◆ Your assignment:
Reproduce, exactly, the lines of the material below from the line containing "Business Stitching-Color Horizontal" through the line containing "A set of three", with both end lines included and nothing else.

◆ Material provided:
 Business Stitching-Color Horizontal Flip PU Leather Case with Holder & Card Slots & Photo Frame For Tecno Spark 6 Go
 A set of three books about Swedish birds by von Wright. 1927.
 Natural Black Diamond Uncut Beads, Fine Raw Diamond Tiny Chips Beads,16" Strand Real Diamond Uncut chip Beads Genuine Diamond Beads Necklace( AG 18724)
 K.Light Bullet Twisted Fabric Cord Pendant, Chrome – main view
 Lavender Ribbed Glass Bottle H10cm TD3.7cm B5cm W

...

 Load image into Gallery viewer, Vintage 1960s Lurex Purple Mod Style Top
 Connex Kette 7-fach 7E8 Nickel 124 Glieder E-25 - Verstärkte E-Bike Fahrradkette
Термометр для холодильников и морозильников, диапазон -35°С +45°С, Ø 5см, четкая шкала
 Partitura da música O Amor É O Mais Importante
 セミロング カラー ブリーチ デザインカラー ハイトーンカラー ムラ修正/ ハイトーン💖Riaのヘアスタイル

◆ Response to the task:
 Business Stitching-Color Horizontal Flip PU Leather Case with Holder & Card Slots & Photo Frame For Tecno Spark 6 Go
 A set of three books about Swedish birds by von Wright. 1927.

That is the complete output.